So if you’re like me and you’re creating programs and data sets that others statisticians will use, you need (I will argue at my meeting) formal written programming standards. What are some of the things that you should put in your programming standards document?

Variable naming convention

One of the simplest things you need is a variable naming convention.This may seem trivial, and sometimes it is, but at a minimum a consistent naming convention will make a program easier to read. It also greatly simplifies program maintenance.

The story I tell when I talk about variable naming conventions is a true one, actually. There was a group called Writer’s Exchange that wanted to set up a website. They named it www.writersexchange.com, which seems like a pretty good name except that you can accidentally read it as "writer sex change. So to avoid confusion, you need some way to easily separate words in a variable name. You can’t use blanks: most programs won’t allow it, so the three common approaches are camelCaseNames, underscore_separated_names, and dot.separated.names. The actual choice varies. Microsoft likes camelCaseNames (and a closely related variant they call PascalCaseNames). Google likes underscore_separated_names for some of their programming languages, camelCaseNames for others, and a mix depending on the type of variable for still others. Their R programming style guide recommends dot.separated.names but says that camelCaseNames are acceptable. The Google Style Guide for R recommends AGAINST underscore_separated_names, but other style guides recommend AGAINST dot.separated.names instead.

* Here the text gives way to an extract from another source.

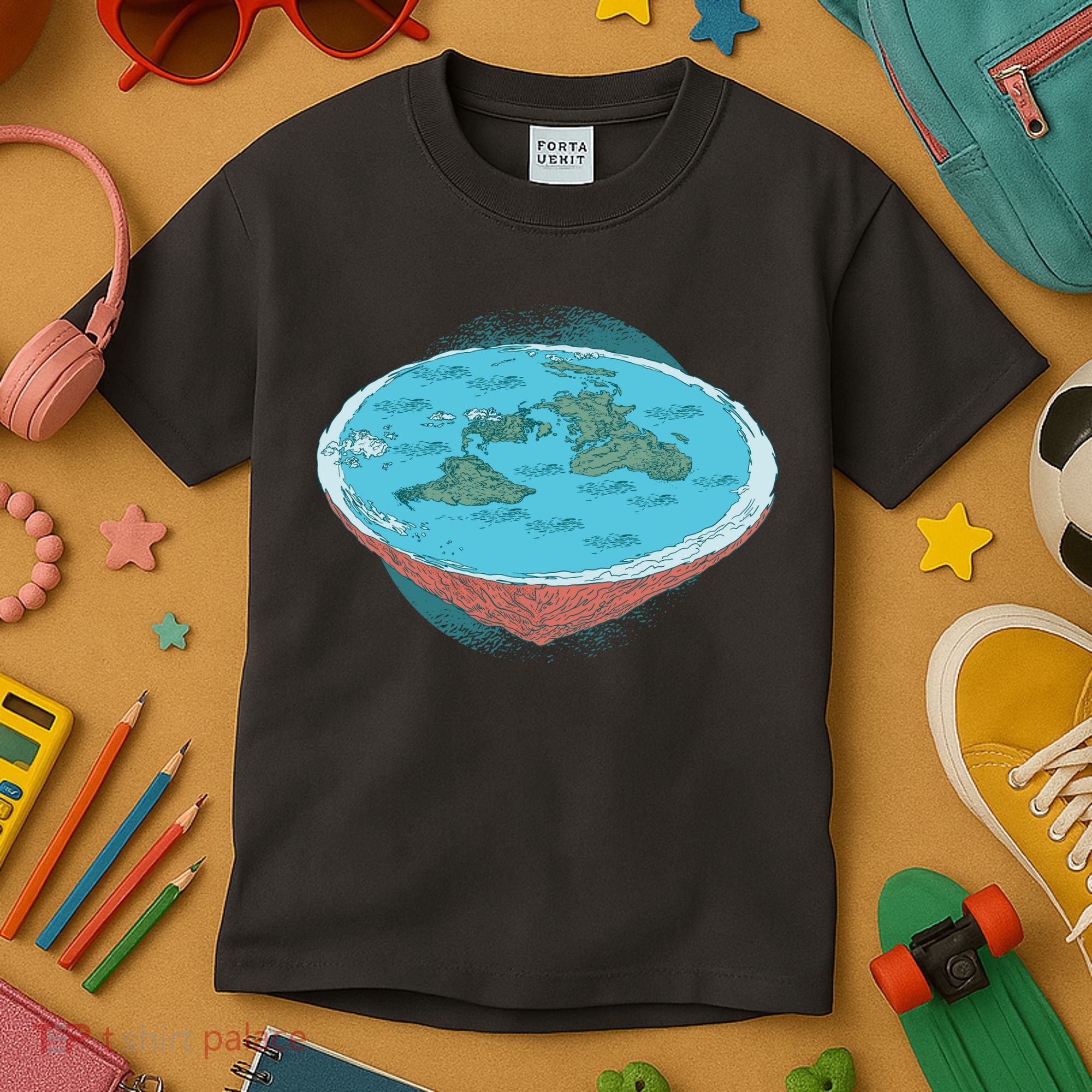 Flat Earth Theory Kids T-Shirt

I like underscore_separated_names, but would be fine with any convention. R itself is terribly inconsistent. So, for example, the argument for handling missing values in the mean function is dot separated (na.rm). But in the table function, it is camel case (useNA).

But don’t you be like R itself. If you adopt a naming convention, you should follow it religiously. Here’s some of the reasons why.

First, a mix of naming conventions makes your code fragile. Suppose one programmer is cumulating events in event.counter, and a second programmer starts accumulating the events in event_counter, then the best you can hope for is that you get an error code that one of the variables is uninitialized. If you don’t get that message, then some of your events will not get counted properly.

Second, a mix of naming conventions messes up an alphabetical listing. If you have variables named

when you list them with ls(), they come out listed as

Finally, variable names in R can be manipulated as easy as data sets. If you name variables consistently, then you can more easily loop across variables, pull out subsets of variables, and re-order your variables.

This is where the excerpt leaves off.